WHAT YOU HAVE TO DO> Only the lines below from the one containing "Refined Rustic Collection" through the one containing "Labrador Retriever Hondenlandschap" belong in the answer, set down exactly, with the pictures left out.
Start of Block
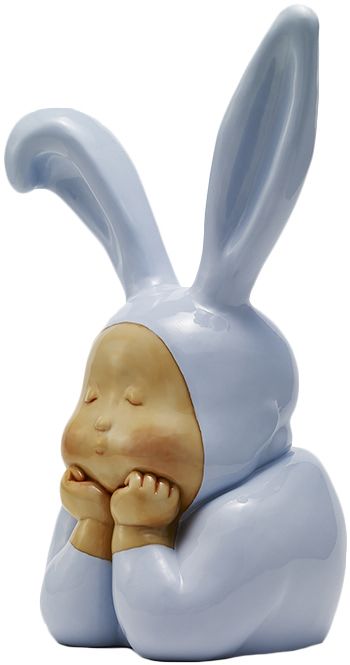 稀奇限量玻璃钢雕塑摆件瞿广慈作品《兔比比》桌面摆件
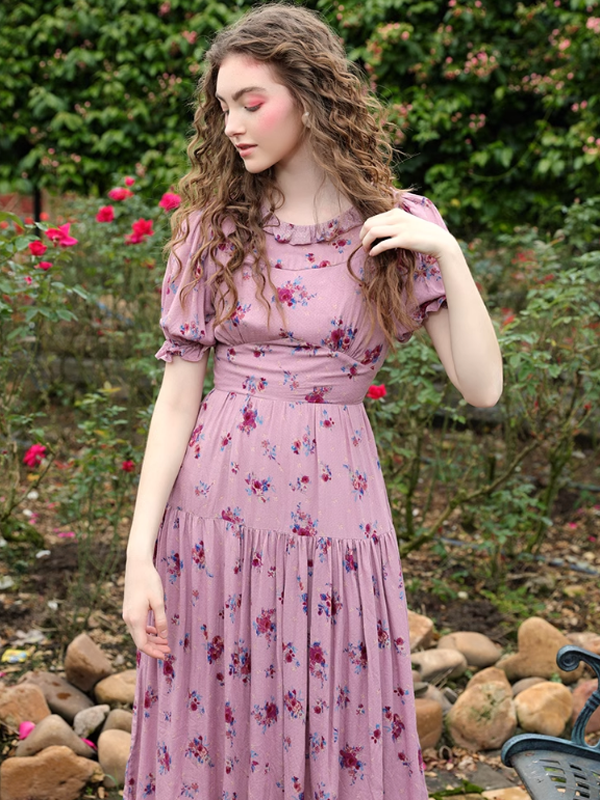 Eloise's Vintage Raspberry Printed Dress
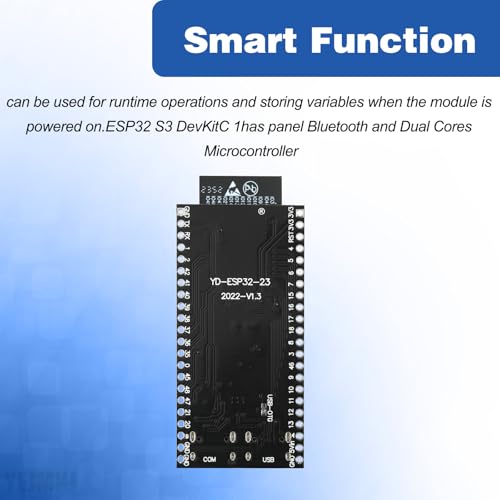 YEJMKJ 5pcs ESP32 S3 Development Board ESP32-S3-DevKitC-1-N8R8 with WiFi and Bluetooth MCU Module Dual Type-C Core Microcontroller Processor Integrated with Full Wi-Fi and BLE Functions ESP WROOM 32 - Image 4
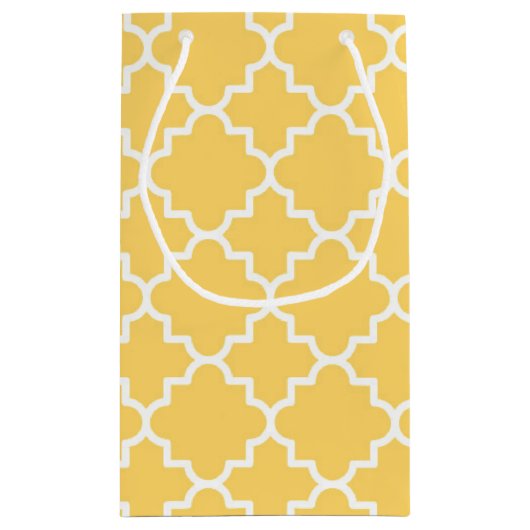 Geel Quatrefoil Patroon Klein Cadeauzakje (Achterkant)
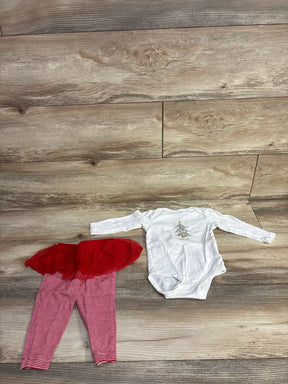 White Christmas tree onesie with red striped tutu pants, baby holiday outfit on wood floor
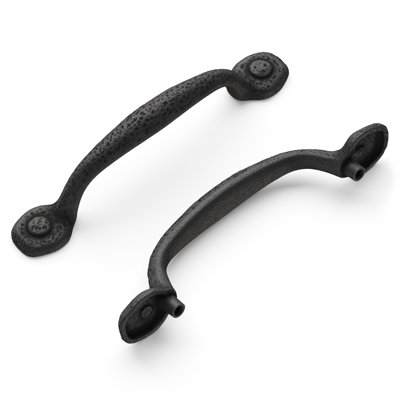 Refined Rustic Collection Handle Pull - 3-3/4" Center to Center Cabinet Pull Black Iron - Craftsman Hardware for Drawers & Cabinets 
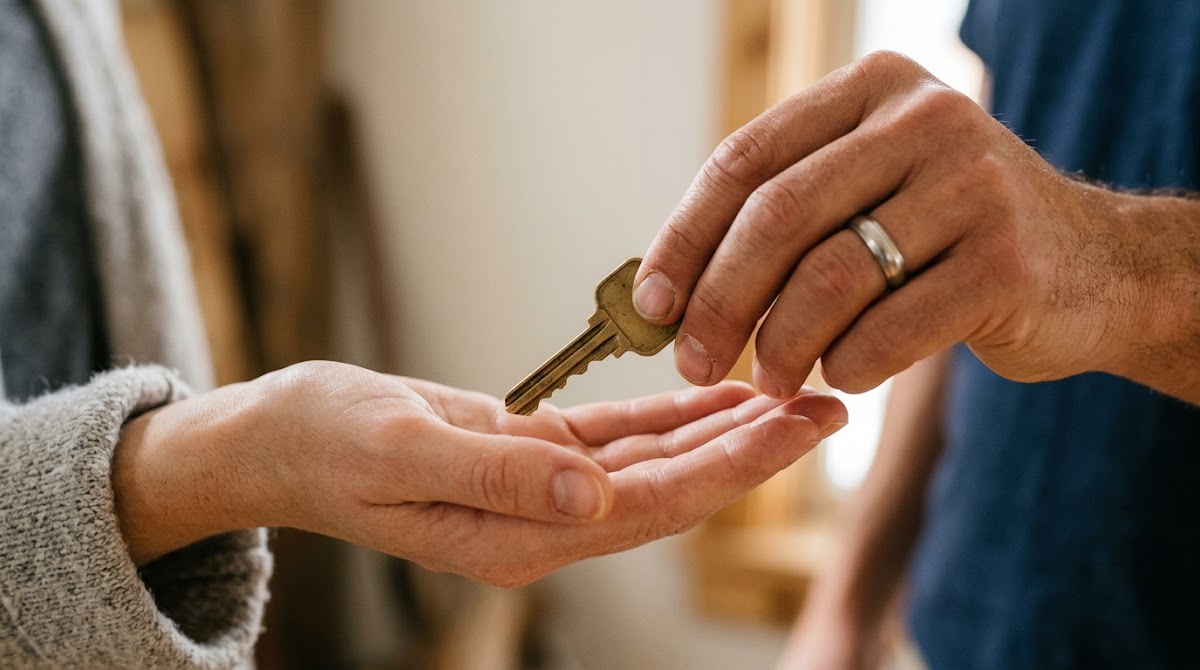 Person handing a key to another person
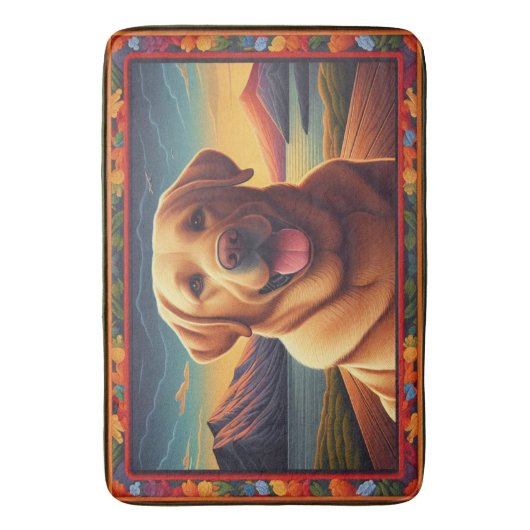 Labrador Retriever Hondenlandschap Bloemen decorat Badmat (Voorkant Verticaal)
End of Block
Start of Block
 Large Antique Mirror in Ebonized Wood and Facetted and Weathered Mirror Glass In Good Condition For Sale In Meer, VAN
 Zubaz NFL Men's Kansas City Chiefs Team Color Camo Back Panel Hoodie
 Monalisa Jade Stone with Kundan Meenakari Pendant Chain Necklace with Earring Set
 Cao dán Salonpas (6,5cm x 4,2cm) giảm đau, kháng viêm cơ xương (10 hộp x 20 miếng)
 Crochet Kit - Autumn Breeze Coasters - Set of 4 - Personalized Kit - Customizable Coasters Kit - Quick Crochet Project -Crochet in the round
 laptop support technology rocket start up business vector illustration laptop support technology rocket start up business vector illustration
End of Block
EXERCISE RESULT>
 Refined Rustic Collection Handle Pull - 3-3/4" Center to Center Cabinet Pull Black Iron - Craftsman Hardware for Drawers & Cabinets 
 Person handing a key to another person
 Labrador Retriever Hondenlandschap Bloemen decorat Badmat (Voorkant Verticaal)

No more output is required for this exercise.